La Britannique Irina Brook, qui a les clefs du Théâtre national de Nice depuis le 1er janvier dernier, a présenté d’une voix douce et réservée « sa » première saison.
C’est sa première expérience en qualité de directrice d’un théâtre, « Cela a toujours été mon rêve, d’avoir un théâtre », dit la metteuse en scène, qui a connu, adolescente, les coulisses du théâtre parisien des Bouffes du Nord, dirigé pendant plus de 35 ans jusqu’en 2010 par son père Peter Brook, une référence internationale.

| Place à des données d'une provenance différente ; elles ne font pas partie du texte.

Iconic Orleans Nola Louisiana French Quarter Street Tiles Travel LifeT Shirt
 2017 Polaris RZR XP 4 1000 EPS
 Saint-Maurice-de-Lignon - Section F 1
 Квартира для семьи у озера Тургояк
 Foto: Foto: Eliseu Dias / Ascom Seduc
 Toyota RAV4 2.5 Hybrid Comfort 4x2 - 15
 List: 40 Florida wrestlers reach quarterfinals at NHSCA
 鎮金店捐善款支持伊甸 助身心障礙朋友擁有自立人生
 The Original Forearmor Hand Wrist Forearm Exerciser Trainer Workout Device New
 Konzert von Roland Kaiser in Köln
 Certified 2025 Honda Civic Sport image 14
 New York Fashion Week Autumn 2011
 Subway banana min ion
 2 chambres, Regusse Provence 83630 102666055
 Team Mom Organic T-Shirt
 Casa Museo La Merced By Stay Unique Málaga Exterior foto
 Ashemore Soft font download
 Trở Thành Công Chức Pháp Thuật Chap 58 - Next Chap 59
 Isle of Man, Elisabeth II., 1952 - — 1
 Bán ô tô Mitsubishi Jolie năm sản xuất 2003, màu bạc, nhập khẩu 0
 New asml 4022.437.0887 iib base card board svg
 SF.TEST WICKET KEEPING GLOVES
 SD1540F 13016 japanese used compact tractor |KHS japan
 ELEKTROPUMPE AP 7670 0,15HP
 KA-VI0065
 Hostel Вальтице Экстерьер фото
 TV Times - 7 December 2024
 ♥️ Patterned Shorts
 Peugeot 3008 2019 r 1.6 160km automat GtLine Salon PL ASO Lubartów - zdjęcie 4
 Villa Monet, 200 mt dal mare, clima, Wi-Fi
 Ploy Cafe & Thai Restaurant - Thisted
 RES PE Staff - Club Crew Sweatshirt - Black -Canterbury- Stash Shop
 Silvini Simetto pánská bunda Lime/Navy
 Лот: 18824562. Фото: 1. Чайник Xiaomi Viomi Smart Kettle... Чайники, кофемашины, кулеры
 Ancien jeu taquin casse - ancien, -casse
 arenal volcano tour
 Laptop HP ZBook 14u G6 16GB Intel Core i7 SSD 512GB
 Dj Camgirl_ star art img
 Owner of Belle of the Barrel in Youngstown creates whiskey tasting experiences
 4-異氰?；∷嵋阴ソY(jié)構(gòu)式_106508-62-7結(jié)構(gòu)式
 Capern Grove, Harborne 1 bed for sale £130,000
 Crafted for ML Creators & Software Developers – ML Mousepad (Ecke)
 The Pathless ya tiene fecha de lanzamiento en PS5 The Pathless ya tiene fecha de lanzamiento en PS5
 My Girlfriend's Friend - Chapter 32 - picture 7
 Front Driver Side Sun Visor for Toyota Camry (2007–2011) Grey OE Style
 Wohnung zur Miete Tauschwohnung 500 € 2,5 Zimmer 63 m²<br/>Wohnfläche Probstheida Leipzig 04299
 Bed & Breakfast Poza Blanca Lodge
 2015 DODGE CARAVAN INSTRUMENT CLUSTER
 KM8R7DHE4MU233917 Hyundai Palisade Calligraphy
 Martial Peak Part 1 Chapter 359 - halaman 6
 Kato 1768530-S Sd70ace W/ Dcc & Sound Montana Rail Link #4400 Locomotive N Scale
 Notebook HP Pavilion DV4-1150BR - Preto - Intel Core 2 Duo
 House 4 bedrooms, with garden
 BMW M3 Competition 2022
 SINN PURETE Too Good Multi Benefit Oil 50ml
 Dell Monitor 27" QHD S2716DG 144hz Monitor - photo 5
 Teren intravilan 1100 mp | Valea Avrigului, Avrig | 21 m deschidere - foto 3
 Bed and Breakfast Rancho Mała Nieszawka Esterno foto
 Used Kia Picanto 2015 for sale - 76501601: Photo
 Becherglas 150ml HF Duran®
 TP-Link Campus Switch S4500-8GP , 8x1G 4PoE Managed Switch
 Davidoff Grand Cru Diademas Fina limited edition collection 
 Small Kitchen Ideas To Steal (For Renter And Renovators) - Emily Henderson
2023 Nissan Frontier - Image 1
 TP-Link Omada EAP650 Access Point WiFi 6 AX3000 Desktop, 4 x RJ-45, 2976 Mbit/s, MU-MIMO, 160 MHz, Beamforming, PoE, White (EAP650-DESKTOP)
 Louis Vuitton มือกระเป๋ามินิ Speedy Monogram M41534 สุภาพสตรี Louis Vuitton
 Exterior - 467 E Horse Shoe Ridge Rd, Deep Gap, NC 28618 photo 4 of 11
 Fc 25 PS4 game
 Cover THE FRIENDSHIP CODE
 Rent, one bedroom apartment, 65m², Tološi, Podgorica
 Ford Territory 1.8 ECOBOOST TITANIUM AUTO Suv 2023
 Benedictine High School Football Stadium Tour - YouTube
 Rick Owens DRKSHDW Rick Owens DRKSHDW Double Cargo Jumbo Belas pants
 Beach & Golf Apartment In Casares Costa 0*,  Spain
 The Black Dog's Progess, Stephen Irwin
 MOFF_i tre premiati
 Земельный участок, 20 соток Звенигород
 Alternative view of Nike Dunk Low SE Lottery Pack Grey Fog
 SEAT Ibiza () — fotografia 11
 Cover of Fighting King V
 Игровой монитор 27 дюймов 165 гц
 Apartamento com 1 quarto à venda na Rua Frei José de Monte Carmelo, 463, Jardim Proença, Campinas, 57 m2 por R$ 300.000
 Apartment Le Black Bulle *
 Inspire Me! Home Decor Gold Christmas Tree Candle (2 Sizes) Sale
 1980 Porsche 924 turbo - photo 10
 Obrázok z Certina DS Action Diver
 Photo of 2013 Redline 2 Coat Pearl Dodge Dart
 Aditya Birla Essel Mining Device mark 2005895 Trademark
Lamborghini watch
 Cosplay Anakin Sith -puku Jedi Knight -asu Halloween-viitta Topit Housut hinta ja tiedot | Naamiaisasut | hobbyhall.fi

Elle dit avoir été « incroyablement bien accueillie » à Nice, notamment par le maire Christian Estrosi qui, pourtant, avait pris fait et cause pour son prédécesseur Daniel Benoin qui, après 12 ans et contre tout règlement, voulait encore rester en selle partageant la charge avec l’actrice-réalisatrice, Zabou Breitman.
Le bras de fer avec la Ministre de la Culture Aurélie Filippetti se conclut avec une marche arrière du Maire de Nice qui dû se contenter de partager avec d’autres commissaires, le choix de la nouvelle direction.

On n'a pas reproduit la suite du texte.